"Pégate" (English: "Get Closer") is the second single from Ricky Martin's first live album, MTV Unplugged (2006). It was released on December 19, 2006. The song was written by Martin, Roy Tavaré and Tommy Torres, and produced by Torres.

Composition
The song is a traditional plena rhythm, a popular Puerto Rican genre played with three hand held drums or tambourines, among other instruments. In "Pégate", the traditional plena drums are played by the percussionists of the band Viento de Agua, led by Tito Matos. Cuatro, a traditional string instrument from Puerto Rico, is played by Christian Nieves.

Chart performance
In the United States, "Pégate" peaked at number eleven on Billboards Hot Latin Songs and at number nine on Latin Pop Airplay and Tropical Songs. It also reached number twenty-five on Latin Rhythm Airplay.

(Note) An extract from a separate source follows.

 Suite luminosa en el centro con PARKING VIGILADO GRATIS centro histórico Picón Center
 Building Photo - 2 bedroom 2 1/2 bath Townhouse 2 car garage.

With the help of remixes by Ralphi Rosario, "Pégate" also peaked at number six on the Dance Club Songs chart. In Spain, the song reached number thirteen on the Digital Singles Chart. In Mexico, the digital single was certified 4× Platinum for sales of over 400,000 copies.

Awards
"Pégate" won the ASCAP Latin Award in category Pop/Ballad Winning Song and also won the BMI Latin Award.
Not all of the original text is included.